Göß: Ein Thema könnte in der EU – durch Trump gepusht – nun tatsächlich auf die Agenda kommen: Nämlich dass sich die EU überlegt, wie sie für ihre eigene industrielle Wertschöpfung wieder ein ebenes Spielfeld schaffen kann – nicht was die USA betrifft, sondern vor allem gegenüber asiatischen Produzenten. Wir spüren das in unserer Sparte sehr stark – chinesische Hersteller und deren Produkte drängen mit möglichen staatlichen Milliarden-Subventionen in den Markt und die Wettbewerbsfähigkeit der europäischen Industrie kann ihrerseits nur gehalten werden, wenn Komponenten aus Asien importiert werden. Ich hoffe, dass der aktuelle Druck nun dazu führt, dass man sich dessen mehr bewusst wird und hier gegensteuert. Was wir in unserer global gesehen kleinen Region wie der Steiermark auf jeden Fall machen müssen: noch stärker zusammenarbeiten und Innovationsnetzwerke aufbauen. Österreich wird nie Lohnstückkosten-Weltmeister sein, aber wir können die Innovativsten sein.
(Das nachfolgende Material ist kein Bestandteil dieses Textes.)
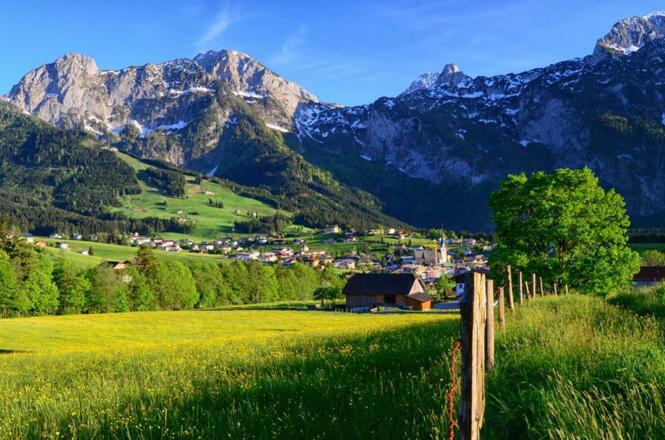 fruehling160513325_web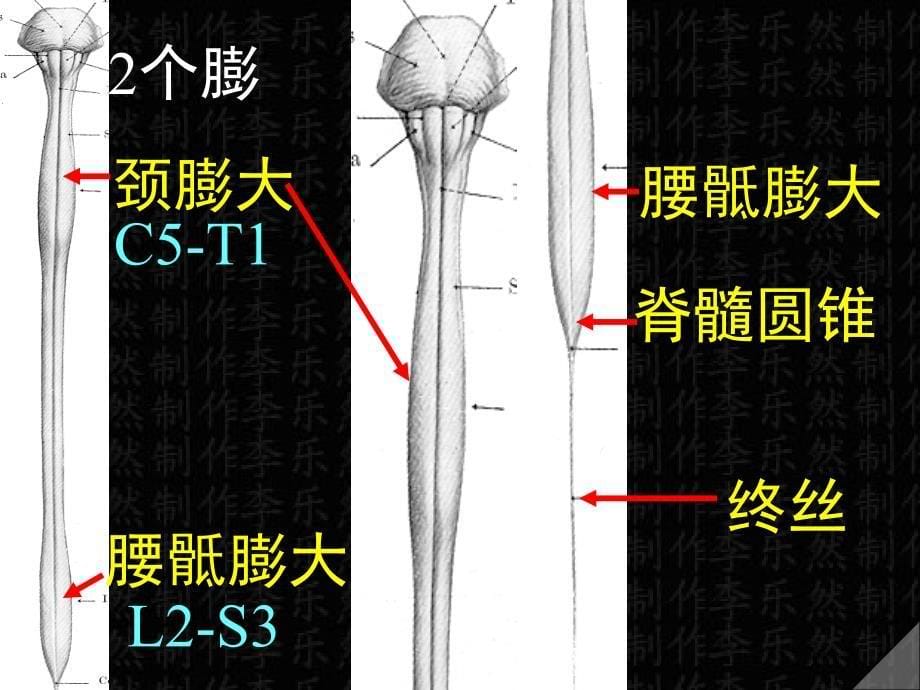 脊髓解剖彩色图谱课件_第5页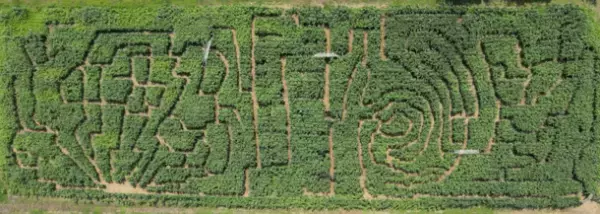 山形県鶴岡市のとうもろこし巨大迷路で鬼ごっこ！2023年7月30日～8月20日までの毎週日曜日に開催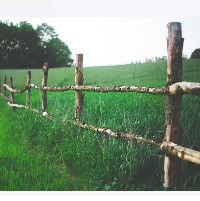 die Hecke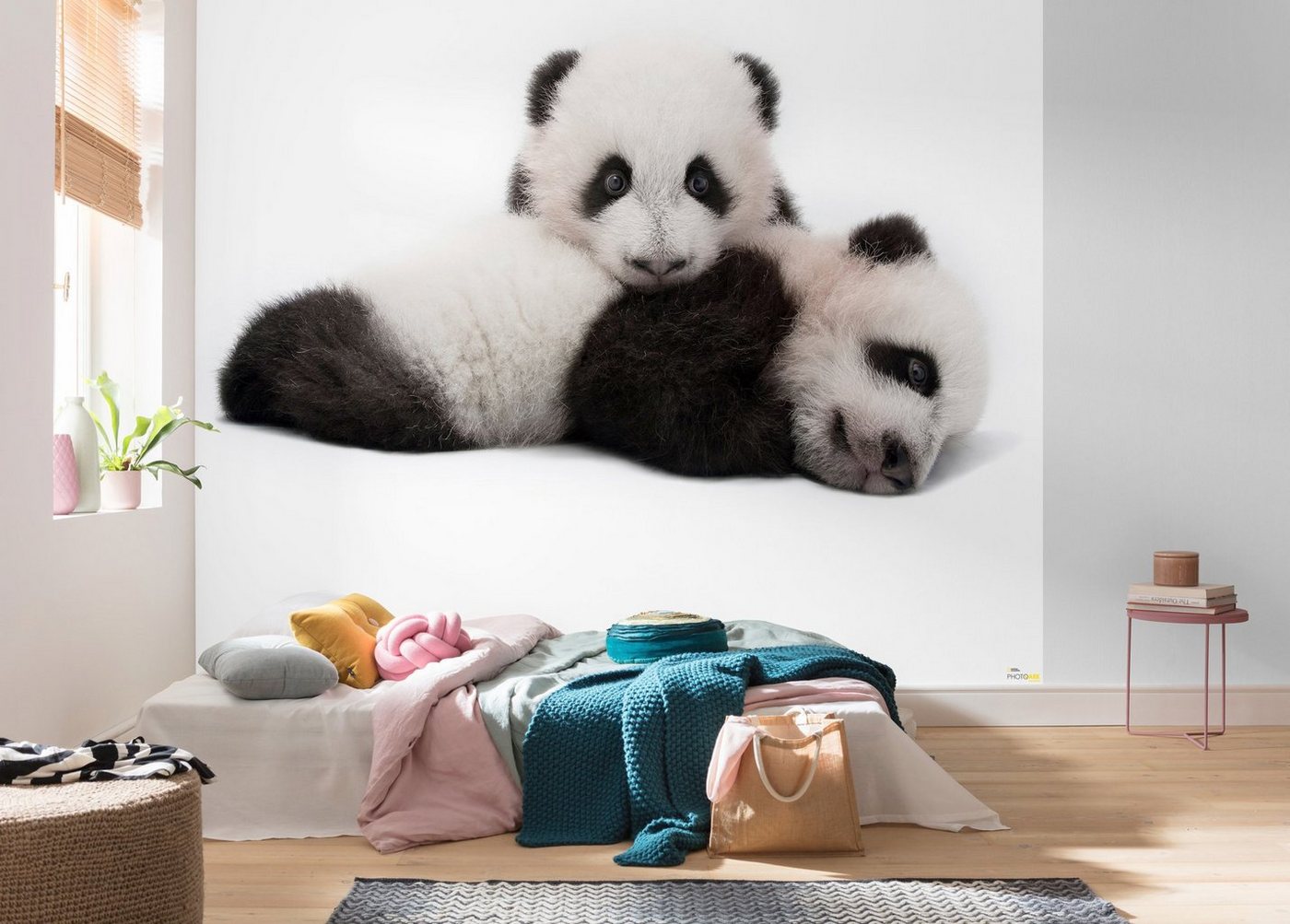 Komar Vliestapete »Giant Panda«, glatt, bedruckt, realistisch, (6 St), 300 x 280 cm (Breite x Höhe) - 6 Bahnen-HomeTrends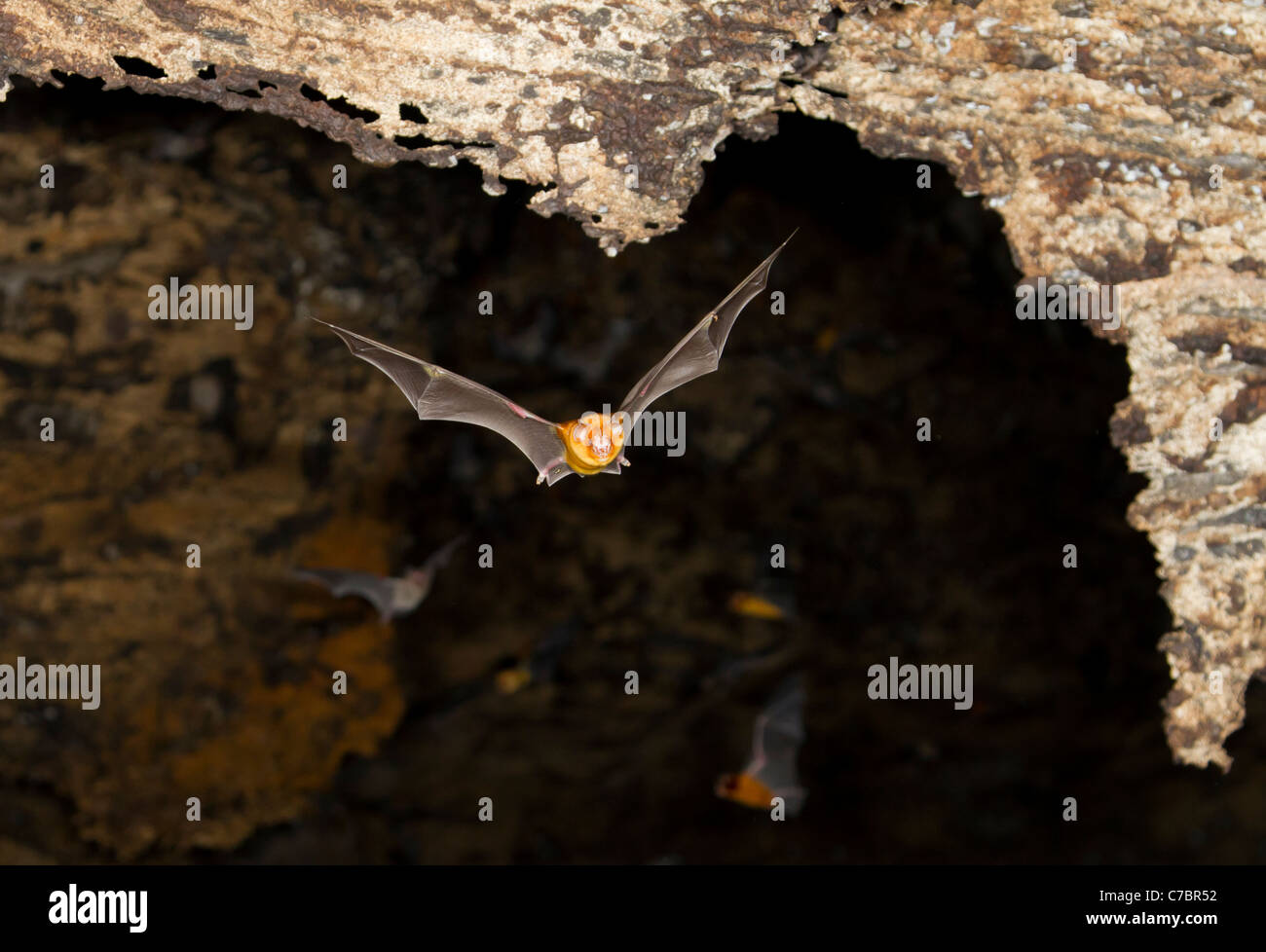 African trident bats triaenops afer hires stock photography and images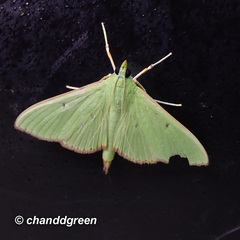 Parotis punctiferalis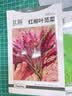 北蔬红苋菜种子苗尖叶抗热四季栽蔬菜种籽 红柳叶苋菜种子10g约7000粒 实拍图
Wenn wir diese Vor-teile in Innovation und Technologie weitertreiben, können wir alle möglichen Präsidenten der USA überleben.
Hartleb: Ich war fast 30 Jahre im Ausland tätig. Seit meiner Rückkehr erlebe ich jeden Tag, dass hier wirtschaftspolitisch extrem viel gut gelaufen und der Standort Steiermark weiterhin attraktiv ist – dazu tragen unsere Cluster bei, die super aufgesetzt wurden, aber auch die sehr starke Vernetzung zwischen Wirtschaft und Wissenschaft. Klar, man kann immer noch besser werden, aber insgesamt bin ich recht optimistisch. Wir brauchen mehr denn je eine Standortpolitik, die internationale Firmen anzieht, um sich hier anzusiedeln – in Bereichen, wo wir schon Leuchttürme haben und gut positioniert sind. Das wäre mein Anliegen, dass wir unsere Standortstärken noch intensiver international kommunizieren – um die besten Köpfe anzusprechen und am Ende des Tages technologisch hochstehende Produkte exportieren zu können.